Questo detta anche come spendere quelle due: scegli subito il formato che ti serve davvero invece di fare prove; non toccare il testo predefinito se non hai nulla di preciso da chiedere; e se puoi scegliere la foto, prendine una il cui bordo sia una superficie continua. Con questi tre accorgimenti le due esecuzioni rendono al massimo.
Ecco che fine fa qui il file che carichi:
Scegliere un file lo mostra solo in anteprima sul tuo dispositivo. Non viene salvato un solo byte finché non accedi e clicchi su genera.
I caricamenti finiscono nella tua libreria privata, mai in una galleria pubblica — rielaborare la stessa immagini non salva nulla di nuovo.
Rimuovi caricamenti e risultati dalla tua libreria quando vuoi.
I credits valgono su tutti gli strumenti — upscale, ritocco delle immagini e anche i modelli video.

L’estensione cambia il formato, l’upscale cambia la risoluzione. Due trattamenti distinti, due prezzi distinti.
Carica la foto nello strumento in cima a questa pagina, scegli il formato che vuoi — 16:9, 9:16, quadrato, 4:3 o 3:4 — e genera. La tua immagine entra a dimensione reale nella nuova cornice e il modello disegna attorno partendo dalla luce, dalle superfici e dalla prospettiva che già vede. Circa un minuto.
No. L’estensione va sempre verso l’esterno: una dimensione mantiene la misura in pixel e l’altra cresce fino al formato scelto. Da 4:3 a 16:9 cresce solo ai lati e l’altezza resta intera. Non si perde nulla — è esattamente il motivo per cui esiste uno strumento di estensione.
Gli account nuovi ricevono 20 credits all’iscrizione e ogni esecuzione qui costa 8, quindi le prime 2 sono gratis. Sono meno che negli altri strumenti del sito perché estendere richiede un modello che accetti le maschere, e i modelli economici o le rifiutano o le ignorano. Lo raccontiamo sopra invece di darti in silenzio uno strumento peggiore.
L’upscale aggiunge pixel: la stessa immagine a risoluzione maggiore. L’estensione aggiunge scena: più mondo di quanto abbia catturato la fotocamera, a risoluzione paragonabile. Foto piccola: upscale, trattamento fisso da 1 credit. Formato sbagliato: questa pagina.

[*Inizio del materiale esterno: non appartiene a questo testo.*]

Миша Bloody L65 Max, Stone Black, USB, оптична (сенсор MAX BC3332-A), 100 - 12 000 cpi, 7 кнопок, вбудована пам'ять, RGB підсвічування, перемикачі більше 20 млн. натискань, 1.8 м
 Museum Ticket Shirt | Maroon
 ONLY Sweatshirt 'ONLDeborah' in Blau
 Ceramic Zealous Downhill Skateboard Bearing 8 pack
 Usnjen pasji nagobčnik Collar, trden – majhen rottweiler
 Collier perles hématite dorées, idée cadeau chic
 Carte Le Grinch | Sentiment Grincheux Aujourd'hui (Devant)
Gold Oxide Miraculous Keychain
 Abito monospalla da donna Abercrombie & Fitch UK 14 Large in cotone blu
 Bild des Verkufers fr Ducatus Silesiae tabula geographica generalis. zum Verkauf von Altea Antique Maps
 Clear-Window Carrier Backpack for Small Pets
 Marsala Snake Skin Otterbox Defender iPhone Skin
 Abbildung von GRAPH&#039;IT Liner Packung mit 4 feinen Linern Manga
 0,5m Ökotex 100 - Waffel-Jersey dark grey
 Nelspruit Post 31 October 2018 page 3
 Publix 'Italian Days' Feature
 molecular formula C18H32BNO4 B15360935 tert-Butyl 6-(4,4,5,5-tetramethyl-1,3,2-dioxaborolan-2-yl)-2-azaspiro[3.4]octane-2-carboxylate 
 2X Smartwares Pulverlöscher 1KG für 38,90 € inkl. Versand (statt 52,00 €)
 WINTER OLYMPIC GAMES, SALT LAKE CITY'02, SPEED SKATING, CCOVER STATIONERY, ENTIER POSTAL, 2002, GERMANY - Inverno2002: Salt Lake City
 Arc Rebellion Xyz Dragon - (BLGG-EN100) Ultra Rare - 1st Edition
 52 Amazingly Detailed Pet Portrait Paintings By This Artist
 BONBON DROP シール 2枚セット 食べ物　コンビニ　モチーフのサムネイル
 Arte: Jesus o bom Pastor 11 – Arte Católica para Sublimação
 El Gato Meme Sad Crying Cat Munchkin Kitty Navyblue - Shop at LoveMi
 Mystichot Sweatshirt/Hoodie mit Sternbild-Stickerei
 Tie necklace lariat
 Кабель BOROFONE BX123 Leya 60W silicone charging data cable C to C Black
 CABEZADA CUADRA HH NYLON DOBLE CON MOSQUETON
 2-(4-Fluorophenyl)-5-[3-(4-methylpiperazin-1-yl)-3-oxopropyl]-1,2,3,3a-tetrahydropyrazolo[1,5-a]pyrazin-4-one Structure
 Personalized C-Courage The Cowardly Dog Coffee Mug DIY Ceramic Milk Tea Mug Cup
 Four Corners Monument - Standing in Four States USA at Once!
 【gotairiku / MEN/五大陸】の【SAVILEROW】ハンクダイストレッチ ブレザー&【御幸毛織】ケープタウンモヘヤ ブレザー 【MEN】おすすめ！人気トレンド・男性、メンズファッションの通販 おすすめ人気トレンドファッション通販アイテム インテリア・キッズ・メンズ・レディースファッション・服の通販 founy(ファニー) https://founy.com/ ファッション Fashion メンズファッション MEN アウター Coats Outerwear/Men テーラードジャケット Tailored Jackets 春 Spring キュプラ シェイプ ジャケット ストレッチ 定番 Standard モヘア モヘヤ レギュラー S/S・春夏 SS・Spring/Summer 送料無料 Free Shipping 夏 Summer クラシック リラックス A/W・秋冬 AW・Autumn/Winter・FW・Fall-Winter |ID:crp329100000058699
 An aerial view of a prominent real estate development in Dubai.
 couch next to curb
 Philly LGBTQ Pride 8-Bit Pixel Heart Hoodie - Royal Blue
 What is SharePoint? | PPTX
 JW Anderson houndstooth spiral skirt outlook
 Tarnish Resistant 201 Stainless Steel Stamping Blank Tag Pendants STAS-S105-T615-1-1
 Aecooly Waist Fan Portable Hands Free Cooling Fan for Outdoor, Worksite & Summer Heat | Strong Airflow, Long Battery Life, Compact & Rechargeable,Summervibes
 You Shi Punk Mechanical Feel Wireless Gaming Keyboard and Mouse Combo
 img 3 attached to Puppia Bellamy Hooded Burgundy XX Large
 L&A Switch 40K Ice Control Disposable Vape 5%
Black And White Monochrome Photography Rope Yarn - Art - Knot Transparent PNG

Sembra la tua, ma non è identica pixel per pixel: il modello restituisce un rendering nuovo dell’intera immagine, non il tuo originale con una fascia attaccata. I dettagli si spostano leggermente. Conserva l’originale e tratta la versione estesa come un file nuovo.
Segue il livello del modello, non la dimensione della tela che componiamo. In prova, una tela da 1536×864 è tornata come 1280×720 e una da 1152×2048 come 720×1280. Se ti serve di più, ripassa il risultato nell’upscale immagine.
Il controllo è il formato di destinazione, non una maniglia, e basta a ciò che lo strumento deve risolvere: portare una foto in un altro formato. Ed è un po’ controintuitivo: estendere molto di solito riesce meglio che estendere poco, perché una fascia stretta offre troppo pochi indizi mentre un’area ampia lascia al modello lo spazio per costruire una scena intera.